Romania continues to make encouraging progress. Inflation has fallen faster than we hadexpected, the external accounts have strengthened, and output growth is robust. Romania’s export performance has been particularly impressive.

We strongly support the government’s determination to build on this momentum to accelerate the structural reforms necessary for completing the transition to a market economy.

Efforts to strengthen public enterprise wage policy will be crucial to sustain disinflation. Wage settlements earlier this year appear to have been in excess of what can be economically justified, and will have to be monitored closely to contain inflationary pressures and ensure that gains in competitiveness are not eroded.

The mission attaches particular importance to the government’s commitment to address weak financial discipline in large loss making public enterprises, which continues to be a drain on the country’s scarce resources, and to step up its privatisation program. Decisive action in this area will go a long way to improve the financial results of the energy sector, reduce quasi-fiscal deficits and further strengthen market discipline.
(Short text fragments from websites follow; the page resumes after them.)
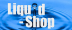 Logo Liquid-shop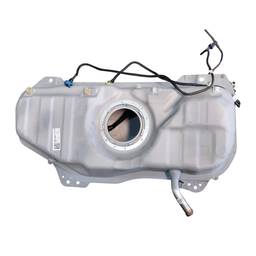 Tanque Combustível Gargalo Fino Original Fiat Argo Cronos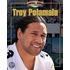 Troy Polamalu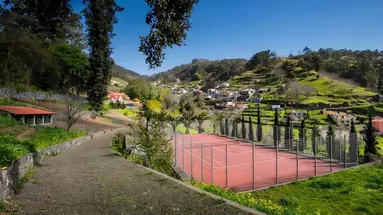 Quinta Da Serra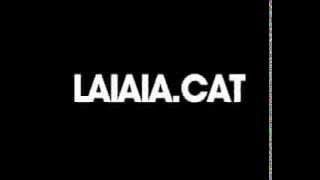 On és la màgia? / A la venda el 25 de febrer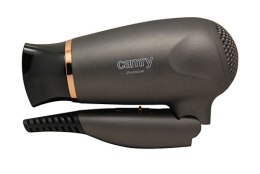 CR 2261 Suszarka 1200w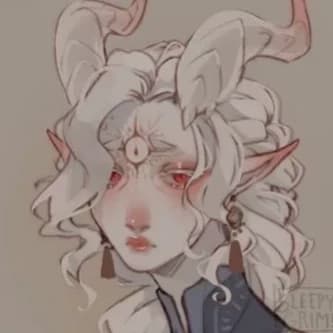 Zorina namzara thumbnail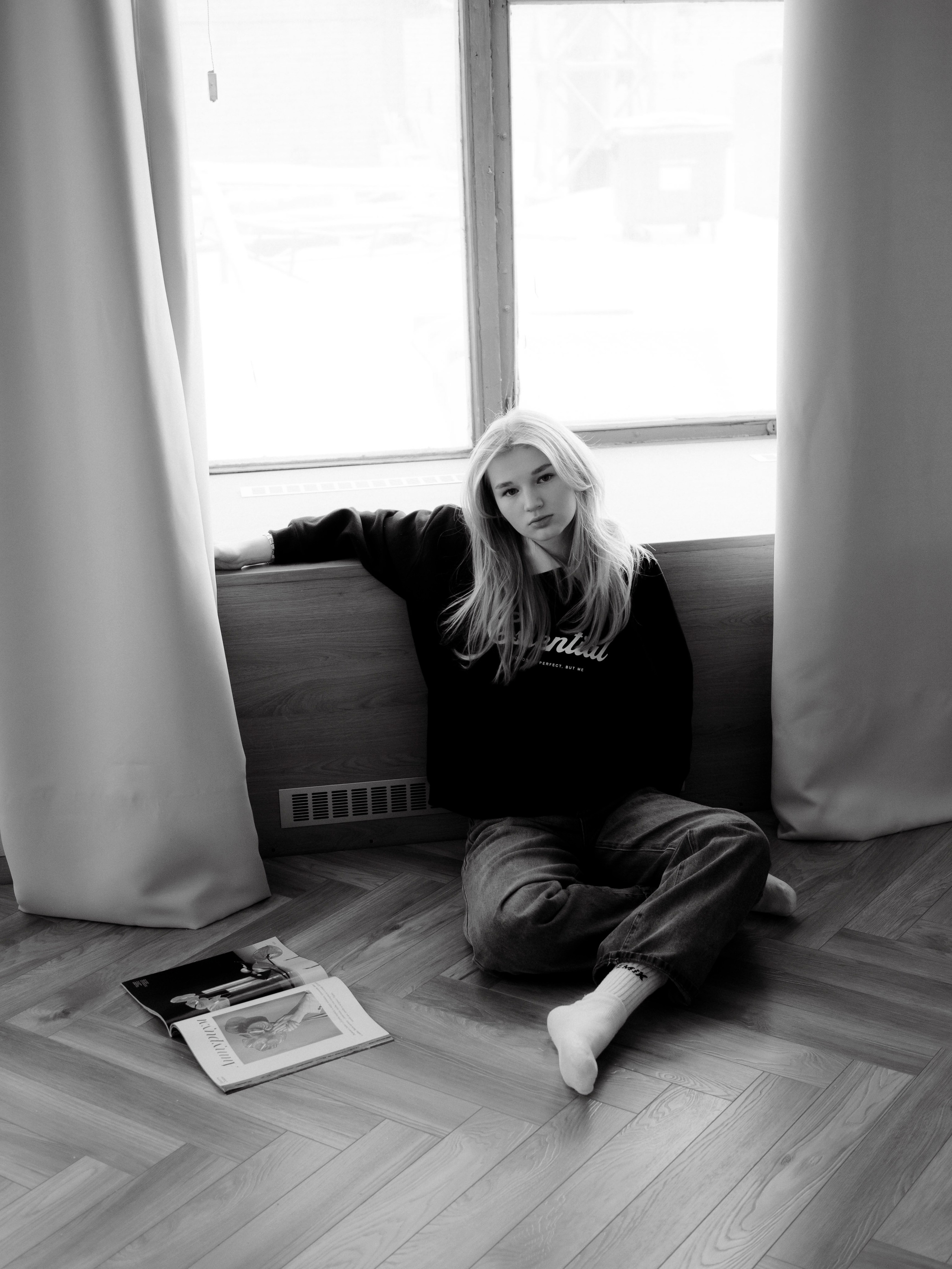 Портфолио. Фотограф в Нижнем Новгороде, Сарове и Москве. Оля Фролова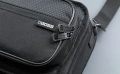 Сумка транспортувальна Boss CB-BM-M 3 – techzone.com.ua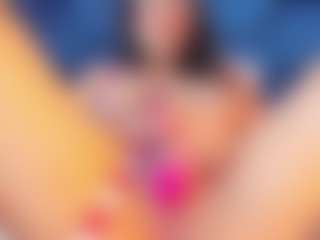 Live cam show with tokioshuang - Amateur on Milfs Live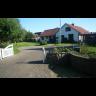 Ferienhaus Wehlblick Heunernest Westerdeichstrich
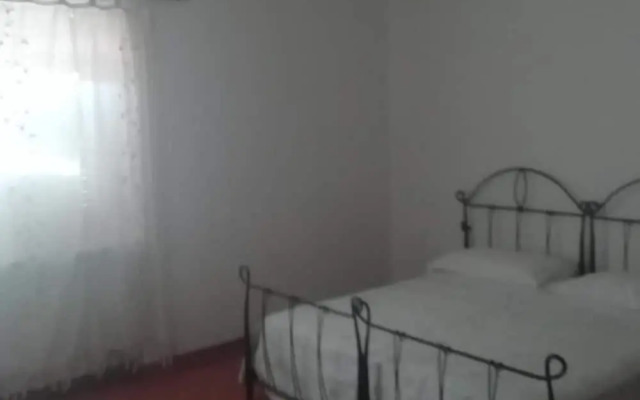 La casa delle fate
An important element of our discussions with the authorities has been how to strengthen the heating support scheme to offset the impact on low income households as heating tariffs are raised to cost recovery levels.

The mission welcomes the government’s decision to proceed with discussions with the EBRD and IFC on relaunching the privatisation process for BCR.

Subject to management approval and the successful implementation of agreed measures, we expect that Board discussion of the review will take place in the second half of April.